### EXCERPTED DATA
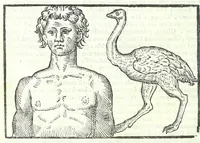 Picture 10 of 56 from Della fisonomia dell'huomo (1613), leaf 106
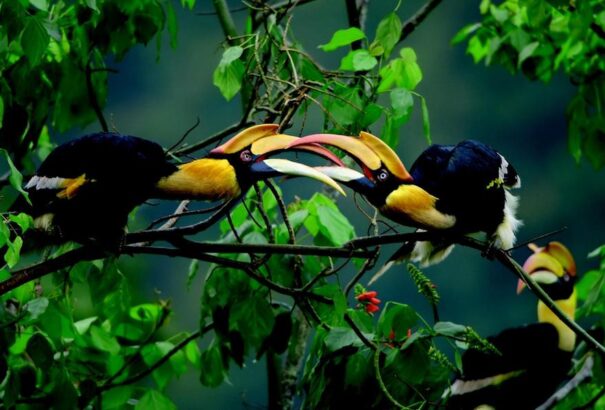 A Netflix tíz dokumentumfilmet tesz ingyen elérhetővé a YouTube-csatornáján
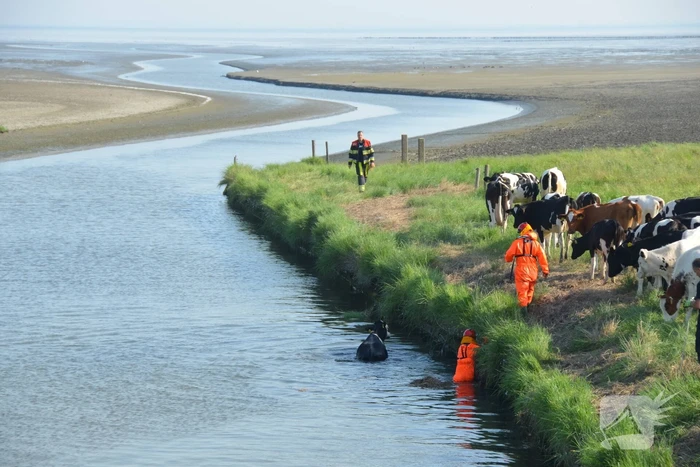 Koe zoekt verkoeling Kouwe Faart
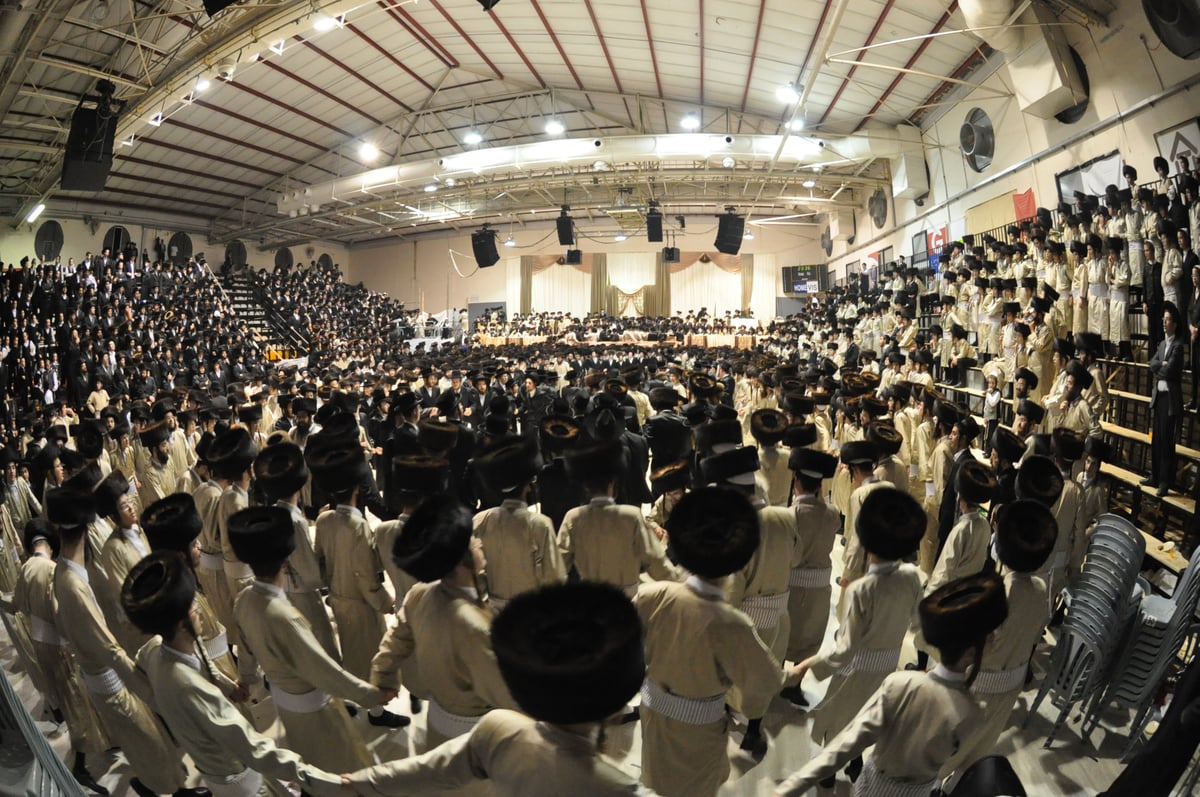 גלריה: חתונת בית קרעטשניף, תולדות אהרון, דז'יקוב ומעליץ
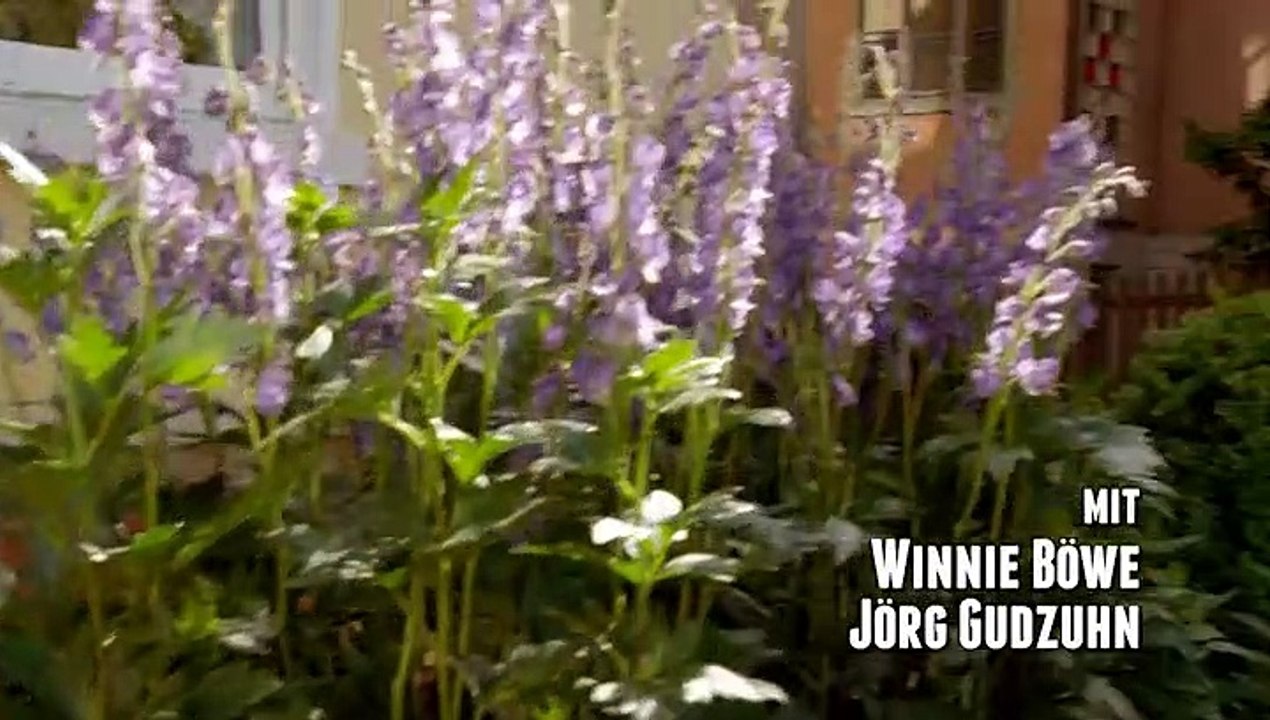 Alles klara (24) der perfekte mord staffel 2 folge 8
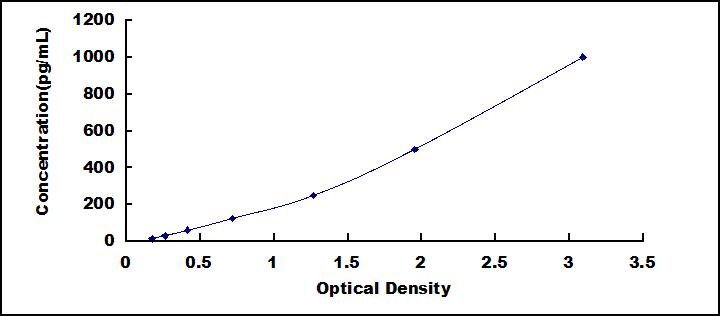 64247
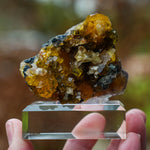 fluorite frohnau germany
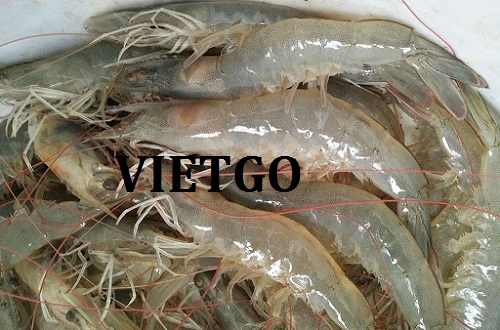 Cơ hội giao thương Đặc Biệt – Cơ hội xuất khẩu TÔM THẺ CHÂN TRẮNG sang thị trường Trung Quốc đầy tiềm năng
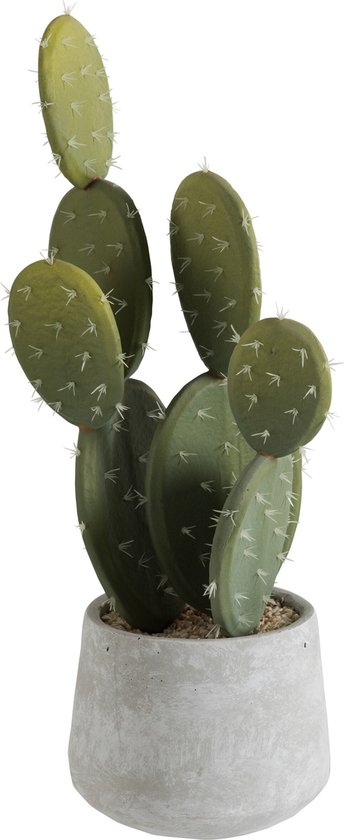 J-Line plant Cactus + Pot - kunststof/cement - groen - small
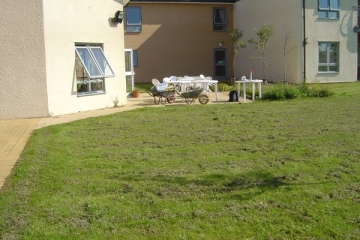 Raised Beds & Patio Area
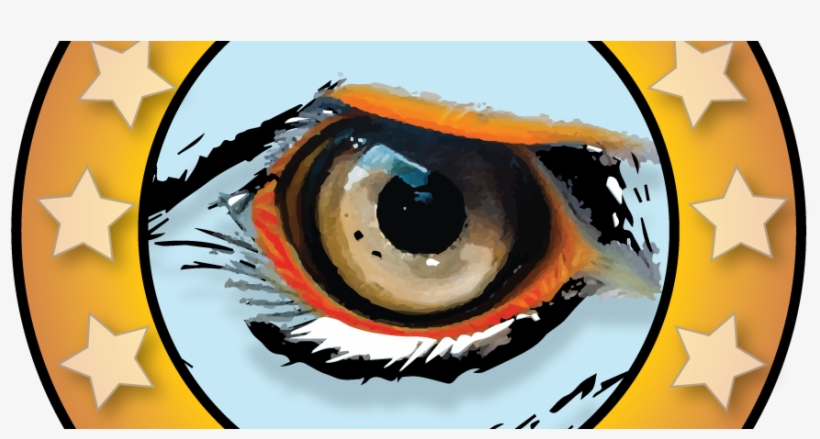 Plant Mechanic- Curaçao - Eagle Eye, transparent png download
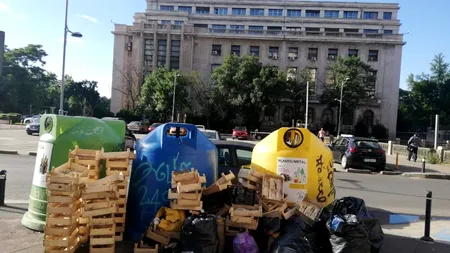 Criza gunoiului continuă în Sector 1, soluțiile întârzie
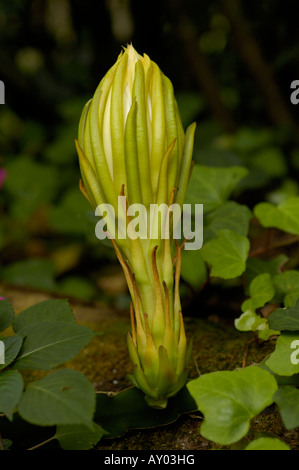 Red pitaya (Hylocereus undatus) fiore che sboccia Foto Stock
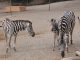 Zebra Oasis Park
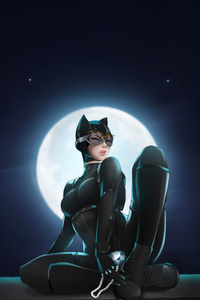 Catwoman Signature Style (240x400) Resolution Wallpaper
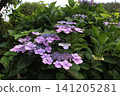 Light purple forehead hydrangea 141205281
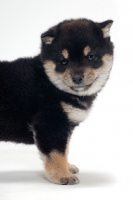 Picture of black and tan coloured Shiba Inu puppy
######
» EXERCISE:
Could you transcribe exactly the lines from the line containing "Light purple forehead hydrangea 141205281" through the final line of the records, both included, and nothing beyond them? The pictures should be left out.

» EXERCISE RESULT:
 Light purple forehead hydrangea 141205281
 Picture of black and tan coloured Shiba Inu puppy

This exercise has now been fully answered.